留学生の眼(87)


日本との出会い


翻訳してくれた谷口君と一緒に
 一九九八年九月二十四日午後七時四十五分、私が初めて日本の地をふんだ瞬間でした。日本は私にとって長年訪れてみたいと思いつづけていた国でした。私がこの国に思いをはせるようになったのは、かつてマレーシアでも放映された日本のあるテレビドラマ”おしん”がきっかけでした。そのドラマは”おしん”という名の女性が苦しくとも一生懸命生き抜き、激動の日々の末、ついには貧しい家庭から成功への階段に駆け上がることになるという物語です。このドラマのなかでなによりも私が魅了されたのは、その典型的な日本女性の描写のしかたです。強い心を持ち、献身的で、誠実、また素直で行動のなかにも奥ゆかしさが感じられるその姿に、日本女性に対する淡い想いをいだくようになりました。

この日本でイスラム教徒であること

 イスラム教ではない国に行くたびに私は、自分にとっての決まりきった習慣を実行することにかなりの困難を感じてしまいます。たとえば、お祈りをするための場所やイスラム教の戒律に従った食事を見つけることは、大変難しいのです。しかし私は、これは私にとってのちょっとした挑戦だと思って自分がいる環境を責めないようにしています。イスラムとはある意味では大変柔軟で、多くの人が思っているような宗教ではないのです。
 日本で暮らしていて自然と目が向かってしまうのは、日本の伝統文化とそのなかに見受けられる慣習です。それらのなかには私たちイスラム教徒にも通ずるものがいくつかあります。たとえば、買い物のさいに、レジの方は必ず私が購入しようとレジに運んできた商品の値段を読み上げてくれます。また私が支払うべき金額の合計、私が手渡した金額そしておつりの額も知らせてくれます。この商取引にかかわる一連の流れはイスラム語では”aqad”といいます。買い物客との金銭授受にこのように細かく気を配る習慣は日本とイスラム文化に共通に見られます。

二〇〇一年九月十一日

九月十一日、世界中のほとんどすべての人々が、多くのメディアによって、イスラムとその教えに対して誤解を植えつけられることになってしまいました。一言だけイスラム教について説明しておきたいと思います。まずイスラムという名は、平和と服従を意味するアラビア起源の言葉”salama”からきています。平和とは信者と彼を取り巻く環境の平静を意味し、服従とは神アッラーの意志に服することを言います。
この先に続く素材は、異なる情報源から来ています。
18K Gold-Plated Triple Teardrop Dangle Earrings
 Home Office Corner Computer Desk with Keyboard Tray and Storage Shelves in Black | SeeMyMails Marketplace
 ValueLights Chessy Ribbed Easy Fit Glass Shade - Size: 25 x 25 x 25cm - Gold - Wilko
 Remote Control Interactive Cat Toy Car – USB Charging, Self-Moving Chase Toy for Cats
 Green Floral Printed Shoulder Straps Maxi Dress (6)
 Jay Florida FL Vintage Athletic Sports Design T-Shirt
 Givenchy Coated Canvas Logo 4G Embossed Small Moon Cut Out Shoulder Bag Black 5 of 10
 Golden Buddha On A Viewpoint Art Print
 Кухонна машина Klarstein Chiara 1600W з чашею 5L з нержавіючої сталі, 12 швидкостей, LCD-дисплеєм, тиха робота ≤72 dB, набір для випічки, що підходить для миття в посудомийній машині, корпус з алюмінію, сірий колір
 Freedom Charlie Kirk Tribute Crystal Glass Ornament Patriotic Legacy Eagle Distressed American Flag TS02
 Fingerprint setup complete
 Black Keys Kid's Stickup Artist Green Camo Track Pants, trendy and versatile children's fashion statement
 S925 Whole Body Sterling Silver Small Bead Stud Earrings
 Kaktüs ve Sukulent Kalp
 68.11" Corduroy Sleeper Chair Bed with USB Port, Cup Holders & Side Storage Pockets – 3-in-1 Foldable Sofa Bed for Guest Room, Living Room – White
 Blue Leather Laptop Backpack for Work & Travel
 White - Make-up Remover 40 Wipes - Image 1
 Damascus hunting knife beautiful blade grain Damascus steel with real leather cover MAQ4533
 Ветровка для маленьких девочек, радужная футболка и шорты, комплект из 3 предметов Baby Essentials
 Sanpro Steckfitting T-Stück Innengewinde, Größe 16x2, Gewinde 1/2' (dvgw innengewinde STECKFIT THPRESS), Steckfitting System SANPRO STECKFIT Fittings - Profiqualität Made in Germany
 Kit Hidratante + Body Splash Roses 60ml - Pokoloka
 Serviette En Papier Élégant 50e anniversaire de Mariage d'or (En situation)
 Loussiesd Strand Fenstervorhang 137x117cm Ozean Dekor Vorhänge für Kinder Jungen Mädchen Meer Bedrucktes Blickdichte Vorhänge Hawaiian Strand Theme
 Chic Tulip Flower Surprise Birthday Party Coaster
アッラーとはアラビア語で”唯一の神”という意味です。アッラーはイスラム教徒だけにとっての神ではありません。この世に生きるものすべてにとっての神です。今や私たちは”ジハード”という言葉がメディアによって誤って使われていることをよく耳にします。実際、イスラムで”ジハード”とは苦悩すること、とりわけ神の教えに従うように自らを律し努力すること、あるいは力を尽くすことをいいます。日々のくらしのなかで神に喜んでもらえるためになされるいかなる努力もジハードとみなされるのです。なかでももっとも崇高とされるジハードは、暴君に立ち向かうことと真実を口にすることです。悪しき行いに走らぬよう自分自身を戒めることも立派なジハードです。しかしながらイスラム教国でない他のほとんどの国々においてジハードがその本来の意味するところと異なって”聖戦”に翻訳され、テロを正当化する意味で使われているのです。しかし結論を急ぐまえに、触れなければならないことがあります。私は日本の方々のニュースにたいする、よりバランスの取れた接しかたに感銘を受けました。物事をわきまえた一人の人間として、われわれイスラム教徒も感情的にならないようにしなければなりません。

おわりに

 私が”おしん”に淡い想いを抱くようになったのは、”おしん”の苦しい中にも自らを律し努力しつづける姿、平和を愛するやさしい姿の中に、イスラムの教えと共通する価値を見つけていたからだと思います。そしてこの共通の価値は、あなたがイスラム教徒であろうと、キリスト教徒であろうと、仏教徒であろうと変わらないものだと思います。世界中の誰もが、いかなる宗教であろうともそれを理解し受け入れる寛容さをもち、互いの宗教の違いを尊重しあえる豊かな社会に住めることを願ってやみません。